To use HDFS for storage, Hadoop 2.x is required. Download Hadoop 2.5.0 CDH 5.2 and extract the tar.gz file to the /solr directory.

wget http://archive-primary.cloudera.com/cdh5/cdh/5/hadoop-2.5.0-cdh5.2.0.tar.gz
tar -xvf hadoop-2.5.0-cdh5.2.0.tar.gz

Create symlinks for the Hadoop bin directory and the conf directory. Symlinks, also called symbolic links, are references or links to other files and are required due to the packaging structure of the Hadoop binaries.

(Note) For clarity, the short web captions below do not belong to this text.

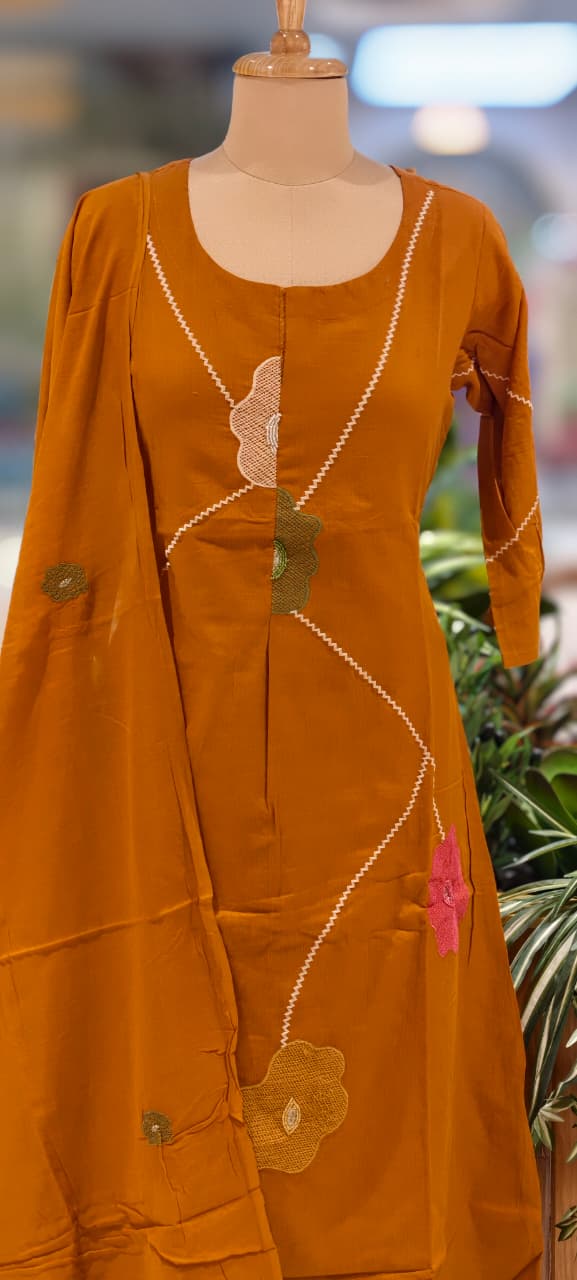 Delicate Floral Appliqué With Linear Contrast Embroidery Cotton Full Suit Set With Dupatta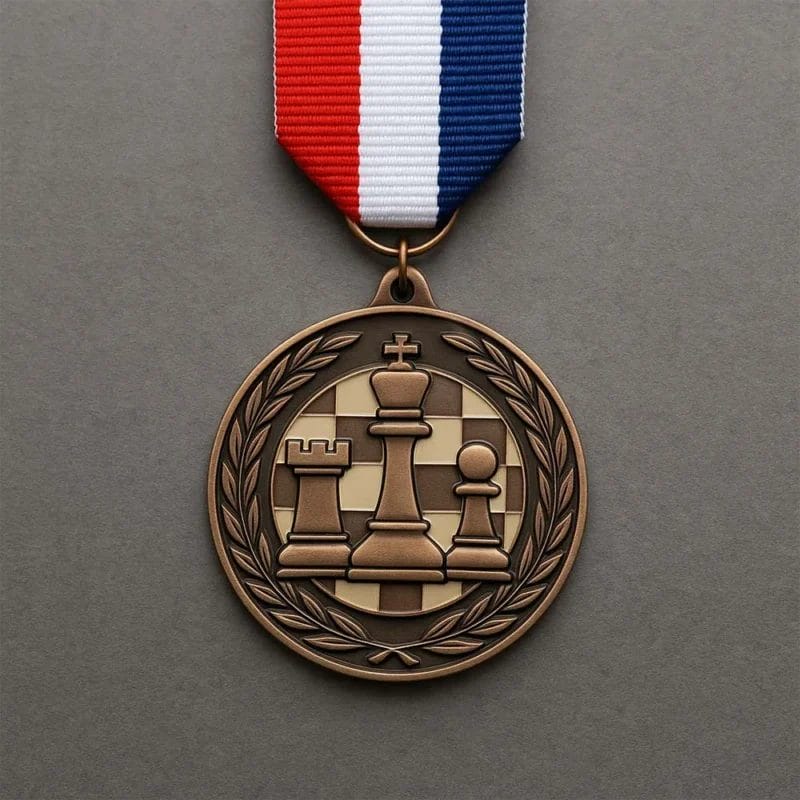 Una medaglia con pezzi di scacchi, che simboleggia i risultati ottenuti nelle competizioni scacchistiche.
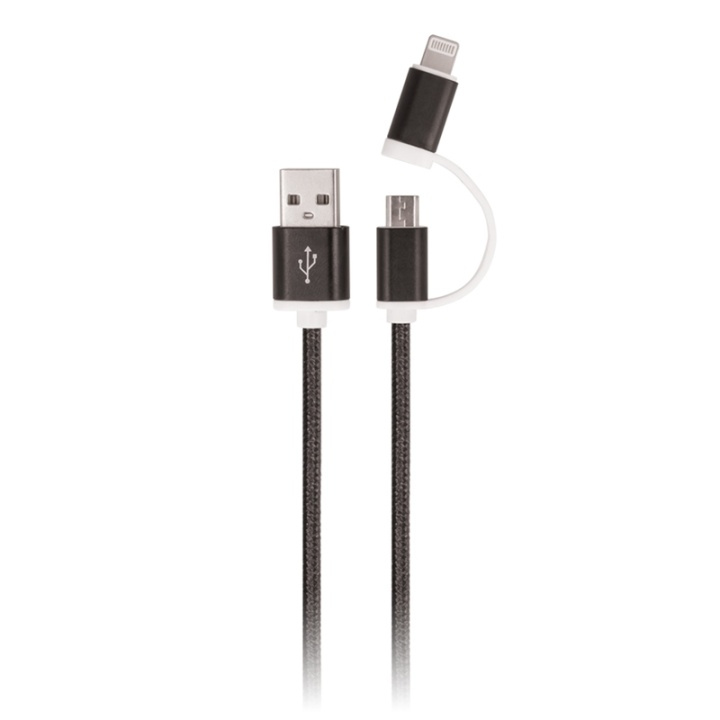 Setty 2i1 USB-kabel till microUSB / USB-C, 1 m, Svart i gruppen SMARTPHONE & SURFPLATTOR / Laddare & Kablar / Kablar / Kablar microUSB hos TP E-commerce Nordic AB (38-79026)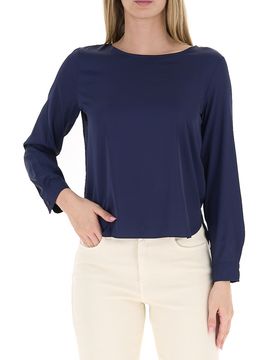 Blusa in satin BLU NAVY 42
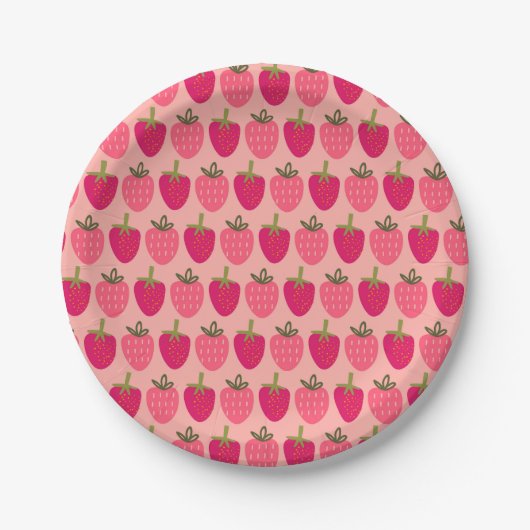 Assiettes En Carton Plaques en papier mignonne rose fraise (Devant)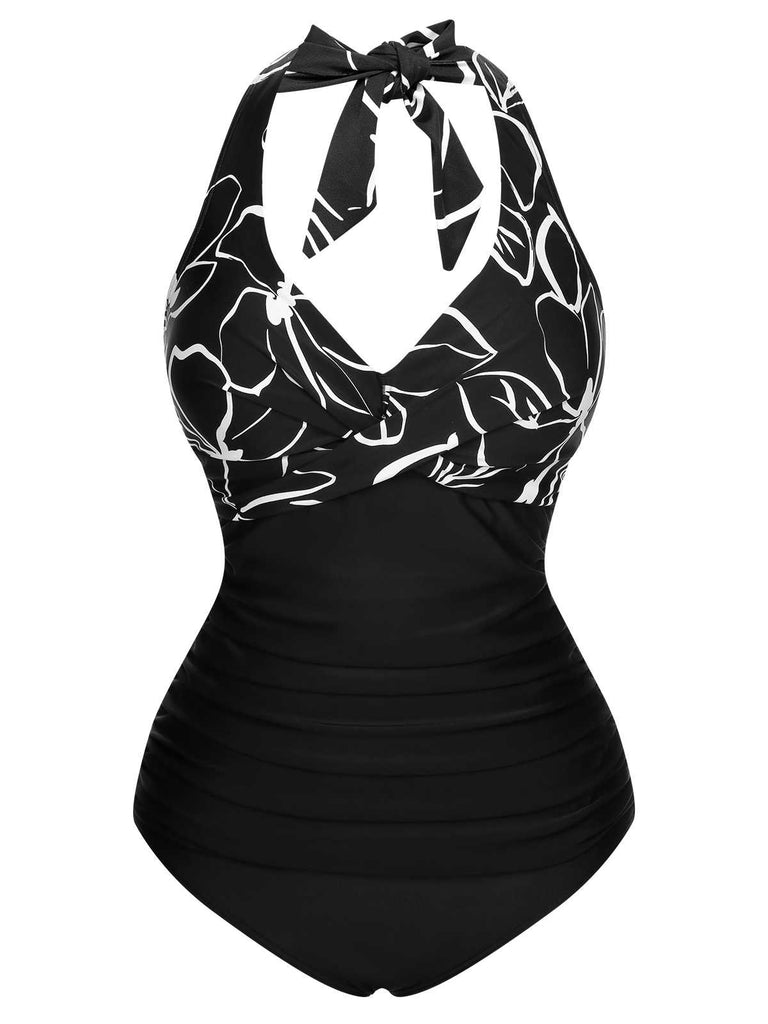 1950s Halter Stripes One-Piece Swimsuit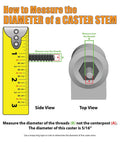 How to measure diameter of a caster stem with measuring tape and caster views, showing thread diameter of 5/16 for accurate fitting.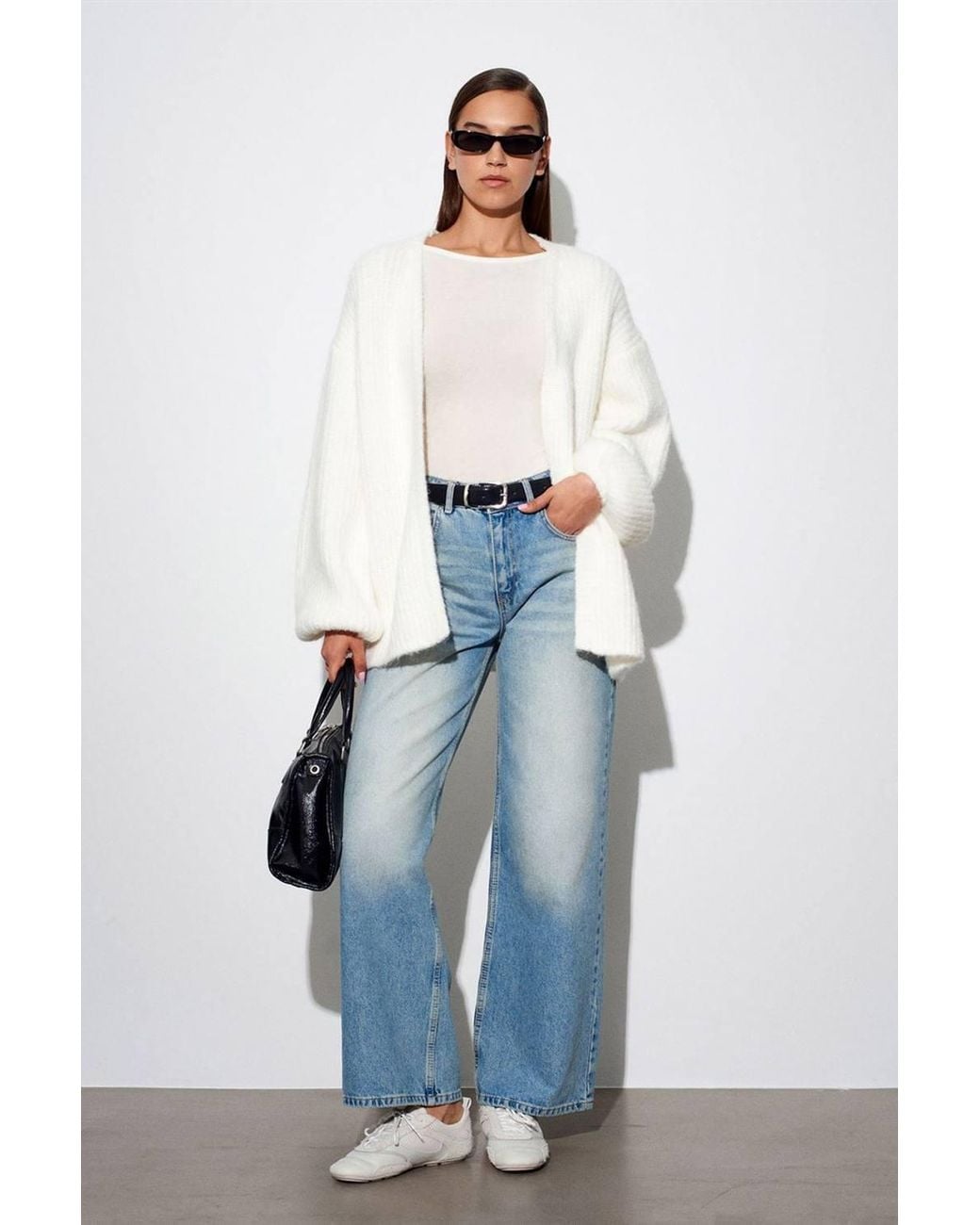 Dilvin White Ribbed Boat Neck Long-Sleeve Blouse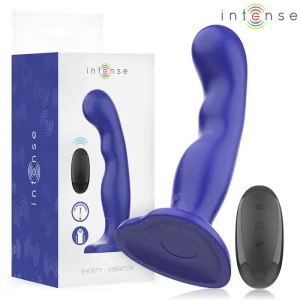 SHORTY VIBRATOR MIT SAUGNÄPFEN BLAU MIT FERNBEDIENUNG VON INTENSE FUN
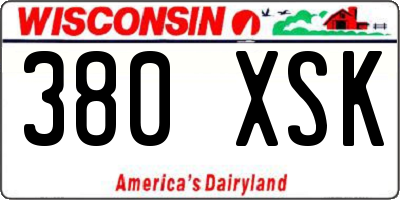 WI license plate 380XSK
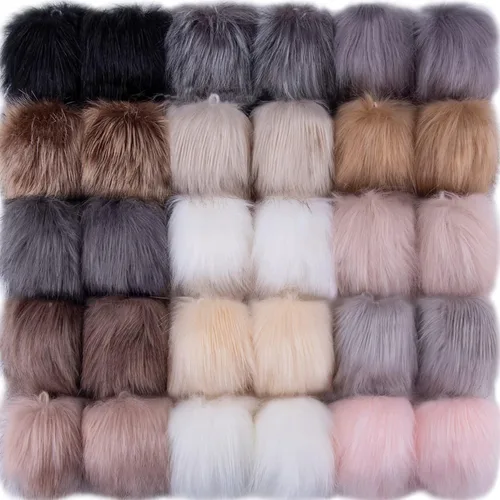 SIQUK - 30 piezas de bolas de pompón de piel sintética esponjosas con lazo elástico para sombreros, gorras, zapatos, bufandas, guantes, bolsos,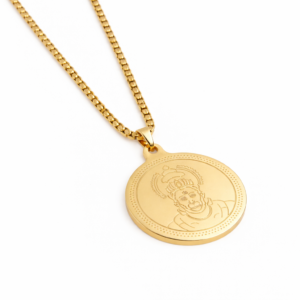 Hanuman Gold Plated Pendant Chain for Men – 24 Inch Religious Hindu Necklace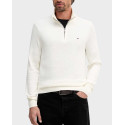 TOMMY HILFIGER ΑΝΔΡΙΚΟ ΠΛΕΚΤΟ HALF ZIP-UP ΠΟΥΛΟΒΕΡ - MW0ΜW28049 - ΕΚΡΟΥ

ln -s  /solr/hadoop-2.5.0-cdh5.2.0/bin-mapreduce1  /solr/hadoop-2.5.0-cdh5.2.0/share/hadoop/mapreduce1/bin
ln -s  /solr/hadoop-2.5.0-cdh5.2.0/etc/hadoop  /solr/hadoop-2.5.0-cdh5.2.0/share/hadoop/mapreduce1/conf

Set the environment variables in the bash shell for Apache Hadoop, Apache Solr, and Java.

vi ~/.bashrc
export HADOOP_PREFIX=/solr/hadoop-2.5.0-cdh5.2.0
export HADOOP_CONF=$HADOOP_PREFIX/etc/hadoop
export JAVA_HOME=/usr/lib/jvm/java-1.7.0-openjdk-1.7.0.75/jre
export SOLR_HOME=/solr/solr-5.3.1/server/solr
export SOLR_CONF=/solr/solr-5.3.1/server/solr/configsets/basic_configs/conf
export HADOOP_MAPRED_HOME=/solr/hadoop-2.5.0-cdh5.2.0/share/hadoop/mapreduce1
export HADOOP_HOME=/solr/hadoop-2.5.0-cdh5.2.0/share/hadoop/mapreduce1
export HDFS_HOME=/solr/hadoop-2.5.0-cdh5.2.0/share/hadoop/hdfs
export HADOOP_CLASSPATH=$HADOOP_HOME/*:$HADOOP_HOME/lib/*:$HADOOP_CONF:$FLUME_CONF:$HDFS_HOME/*:$HDFS_HOME/lib/*:$HDFS_HOME/webapps/
export PATH=$PATH:$SOLR_HOME/bin:$JAVA_HOME/bin:$HADOOP_HOME/bin:$HADOOP_MAPRED_HOME/bin
export CLASSPATH=$HADOOP_CLASSPATH
export HADOOP_NAMENODE_USER=hadoop
export HADOOP_DATANODE_USER=hadoop

Creating an Apache Solr Collection

If the storage is to be based in HDFS we must first create a Solr collection and not create a Solr core. A Solr core gets created implicitly when a collection is created. Create a collection called “hdfs” with the Solr instance configuration from the basic_configs using the following command.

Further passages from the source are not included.